July 17, 2023

Emily Dickinson on Gilligan's Island

I was reading a post I did some years ago about an Emily Dickinson oddity. I needed to update the post and so I checked back to the article about some Emily Dickinson curiosities that inspired my post. The one that caught my attention ( and was also something I heard Billy Collins talk about years ago in a workshop) was her connection to the castaways on Gilligan's Island.

That seems like a big stretch of the poetic imagination, but you can sing most of her poems (I could imagine myself doing this with younger students), using the theme to TV's 1960s "classic" Gilligan's Island. That theme song is an earworm in many brains of people who grew up watching the show. 

Give it a try and sing this first stanza of "Because I Could Not Stop For Death."   (If somehow the melody of "The Ballad Of Gilligan's Isle" is not burned into your neurons deeper than any poem, give a listen below)

Because I could not stop for Death,
He kindly stopped for me;
The carriage held but just ourselves
And Immortality.

How come this works? (And here is the lesson for the class.) Emily usually used a "common meter" in her poems. The TV theme also uses it, and it is used in lots of nursery rhymes and Protestant hymns. It's four beats followed by three beats.

In more detail, Wikipedia tells us that common meter (or metre or common measure) is a poetic meter consisting of four lines that alternate between iambic tetrameter (four metrical feet per line, with each foot consisting of an unstressed syllable followed by a stressed syllable) and iambic trimeter (three metrical feet per line, with each foot consisting of an unstressed syllable followed by a stressed syllable).

It has historically been used for ballads such as "Tam Lin", and hymns such as "Amazing Grace" and the Christmas carol "O Little Town of Bethlehem". The upshot of this commonality is that the lyrics of one song can be sung to the tune of another. This can make for some great singalongs around the campfire. 

For example, "Advance Australia Fair", the national anthem of Australia, can be sung to the tune of "House of the Rising Sun." "Amazing Grace" can be sung to the tune of Madonna's  "Material Girl".

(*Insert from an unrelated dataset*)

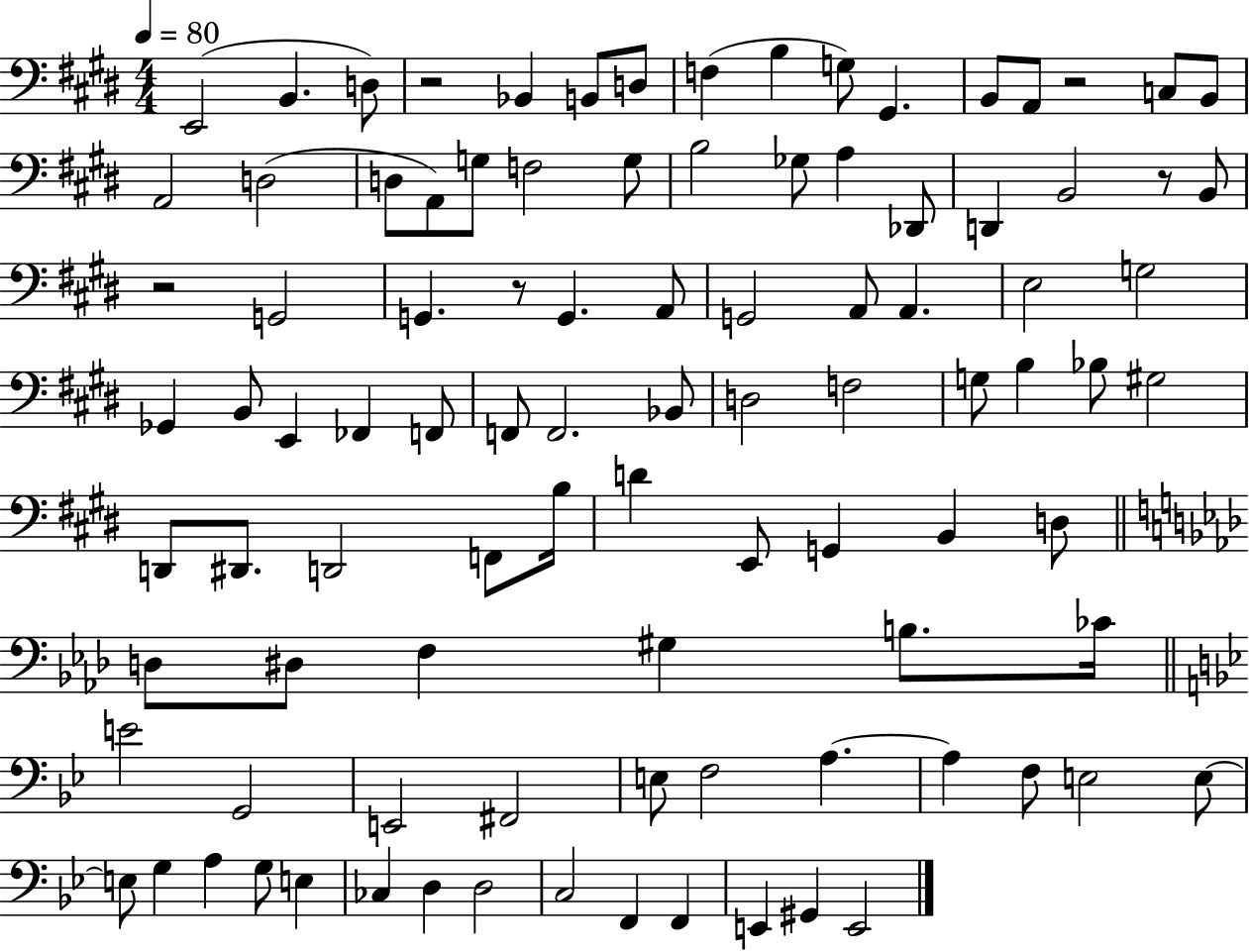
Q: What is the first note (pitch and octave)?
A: E2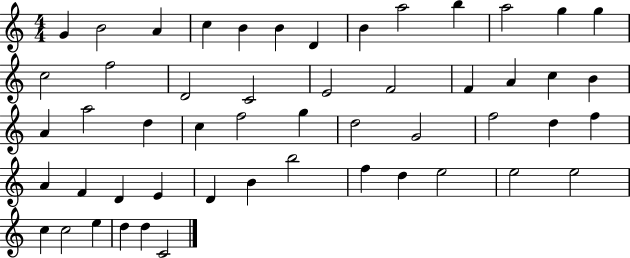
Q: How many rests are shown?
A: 0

But I am quite happy to just imagine Emily on the beach with Ginger and Mary Anne, swinging in their hammocks, drinking from a coconut, and singing her poems to the delight and total misunderstanding of all those around her.

Is it a rainy day where you are? Try singing Emily's "Summer Shower" as if you were on that island with Gilligan and the crew. Coconut drink is optional but advisable.

A drop fell on the apple tree,
Another on the roof;
A half a dozen kissed the eaves,
And made the gables laugh.

A few went out to help the brook,
That went to help the sea.
Myself conjectured, Were they pearls,
What necklaces could be!

The dust replaced in hoisted roads,
The birds jocoser sung;
The sunshine threw his hat away,
The orchards spangles hung.

The breezes brought dejected lutes,
And bathed them in the glee;
The East put out a single flag,
And signed the fete away. 

There were episodes of the show when the gang sang and performed. One of those was the 1965 “Don’t Bug the Mosquitoes.” This is the time of Beatlemania and a pop group called the Mosquitoes arrives on the island to escape their fans. Ginger, Mary Anne and Mrs. Howell form their own pop group, the Honeybees. 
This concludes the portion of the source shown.